While I am still skeptical of the current market rally, I admit that I am wrong short term.   The market is definitely going up in the near term.   There is a lot of optimism for a return to pre-Covid19 days.  Til proven otherwise, I am putting my selling on hold and riding the upward wave.

In particular, I will be watching Workhorse (WKHS), which we have owned since 2014.   It dropped as low as 46 cents in 2018 and had 2020 low of $1.37.  Last week it hit an all time intraday high of  $22.90.   Amazing and unbelievable.   I have open sell orders at $30, $50, $99, and $200.  LOL  If they execute, I will know irrational exuberance has taken over the market.

Full disclosure:  We own share of WKHS in our personal account.

For more on  New Beginnings, check back Sundays for a new segment.

This is not financial nor investment advice.

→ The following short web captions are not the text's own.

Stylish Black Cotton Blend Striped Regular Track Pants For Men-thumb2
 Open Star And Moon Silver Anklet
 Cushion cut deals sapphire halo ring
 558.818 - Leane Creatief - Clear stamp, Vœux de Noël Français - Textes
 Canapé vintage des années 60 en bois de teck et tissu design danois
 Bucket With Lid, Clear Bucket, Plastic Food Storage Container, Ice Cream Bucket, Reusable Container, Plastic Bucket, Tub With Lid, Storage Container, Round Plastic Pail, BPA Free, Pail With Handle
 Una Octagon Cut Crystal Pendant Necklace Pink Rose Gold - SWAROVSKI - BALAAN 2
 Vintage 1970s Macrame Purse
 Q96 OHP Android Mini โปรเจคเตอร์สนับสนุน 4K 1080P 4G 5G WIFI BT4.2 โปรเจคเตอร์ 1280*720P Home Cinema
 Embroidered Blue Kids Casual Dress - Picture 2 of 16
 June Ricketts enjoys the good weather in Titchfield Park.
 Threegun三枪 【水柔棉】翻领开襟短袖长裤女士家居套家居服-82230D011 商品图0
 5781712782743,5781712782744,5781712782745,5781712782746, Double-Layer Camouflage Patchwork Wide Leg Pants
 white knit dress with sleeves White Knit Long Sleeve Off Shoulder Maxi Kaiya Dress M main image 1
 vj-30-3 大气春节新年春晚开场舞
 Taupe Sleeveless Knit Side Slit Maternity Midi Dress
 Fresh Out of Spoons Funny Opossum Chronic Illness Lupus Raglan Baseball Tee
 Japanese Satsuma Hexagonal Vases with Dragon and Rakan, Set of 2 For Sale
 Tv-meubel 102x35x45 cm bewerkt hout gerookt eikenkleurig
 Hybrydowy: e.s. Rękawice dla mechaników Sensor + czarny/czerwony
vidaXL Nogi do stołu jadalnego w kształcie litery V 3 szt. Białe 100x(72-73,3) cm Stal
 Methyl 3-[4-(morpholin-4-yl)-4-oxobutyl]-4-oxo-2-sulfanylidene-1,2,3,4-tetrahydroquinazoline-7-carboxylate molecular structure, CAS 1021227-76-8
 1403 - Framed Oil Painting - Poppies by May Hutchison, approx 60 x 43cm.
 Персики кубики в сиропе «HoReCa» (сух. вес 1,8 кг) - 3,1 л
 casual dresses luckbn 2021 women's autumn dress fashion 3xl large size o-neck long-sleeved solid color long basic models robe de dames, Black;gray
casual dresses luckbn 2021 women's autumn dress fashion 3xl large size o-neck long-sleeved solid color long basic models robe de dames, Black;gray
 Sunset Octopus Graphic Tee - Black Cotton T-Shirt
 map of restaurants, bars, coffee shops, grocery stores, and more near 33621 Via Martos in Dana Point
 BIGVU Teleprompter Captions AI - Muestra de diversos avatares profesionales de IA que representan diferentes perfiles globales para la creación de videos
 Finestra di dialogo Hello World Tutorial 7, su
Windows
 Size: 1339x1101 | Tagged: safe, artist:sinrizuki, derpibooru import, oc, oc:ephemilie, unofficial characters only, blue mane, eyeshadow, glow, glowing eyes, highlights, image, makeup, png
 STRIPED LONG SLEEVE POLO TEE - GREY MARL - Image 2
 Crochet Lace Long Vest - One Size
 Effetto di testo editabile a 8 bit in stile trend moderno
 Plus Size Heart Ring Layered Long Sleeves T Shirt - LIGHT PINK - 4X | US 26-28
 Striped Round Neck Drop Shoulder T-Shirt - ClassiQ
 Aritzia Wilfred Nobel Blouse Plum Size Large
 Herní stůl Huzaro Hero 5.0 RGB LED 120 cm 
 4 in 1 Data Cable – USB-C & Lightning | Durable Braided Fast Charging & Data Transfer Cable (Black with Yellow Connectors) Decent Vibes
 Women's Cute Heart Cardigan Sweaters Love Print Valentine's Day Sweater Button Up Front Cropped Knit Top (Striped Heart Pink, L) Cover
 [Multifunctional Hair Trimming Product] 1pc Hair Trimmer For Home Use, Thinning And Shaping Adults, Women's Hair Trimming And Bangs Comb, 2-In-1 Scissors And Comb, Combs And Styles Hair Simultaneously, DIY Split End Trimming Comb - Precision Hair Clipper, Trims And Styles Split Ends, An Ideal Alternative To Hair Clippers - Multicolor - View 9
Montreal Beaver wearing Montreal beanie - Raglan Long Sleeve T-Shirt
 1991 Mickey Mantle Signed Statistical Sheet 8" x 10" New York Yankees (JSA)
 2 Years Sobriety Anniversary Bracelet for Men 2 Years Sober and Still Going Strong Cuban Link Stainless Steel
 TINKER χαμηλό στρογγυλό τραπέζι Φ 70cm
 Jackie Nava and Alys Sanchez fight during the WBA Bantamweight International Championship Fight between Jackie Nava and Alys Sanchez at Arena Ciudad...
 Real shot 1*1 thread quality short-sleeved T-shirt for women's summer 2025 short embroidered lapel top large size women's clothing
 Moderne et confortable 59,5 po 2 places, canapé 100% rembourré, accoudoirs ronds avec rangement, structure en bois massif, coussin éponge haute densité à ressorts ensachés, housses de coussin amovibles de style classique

Please consult a professional advisor.

Copyright © 2020 Achievement Catalyst, LLC

Friday, July 03, 2020

An End and A Beginning

All my life, I've been working towards a financially sustainable retirement with a comfortable/conservative margin of safety.   I've been consistently frugal, living below our means, and maximizing savings through coupons, sales, deals and minimizing tax liabilities.  I've been a ruthless detailed numbers person, evaluating different options and scenarios, and sweating through the 08/09 recession and the 20 recessions while in retirement.

We're on track to achieve that margin of safety in this year on in 2021.  Barring a major financial disruption, I expect we can easily maintain our current lifestyle even with 3% inflation per year for the next 22 years.   Probably even for double that many years, but I haven't done the detailed analysis.    This includes putting 2 kids through college debt free in the next 15 years.  I can probably back off day to day managing/scrutiny of our retirement investments... unless there is a major event such as elimination of Social Security, high inflation, or a long term market crash.

Now that the financial part is mostly done, what's next?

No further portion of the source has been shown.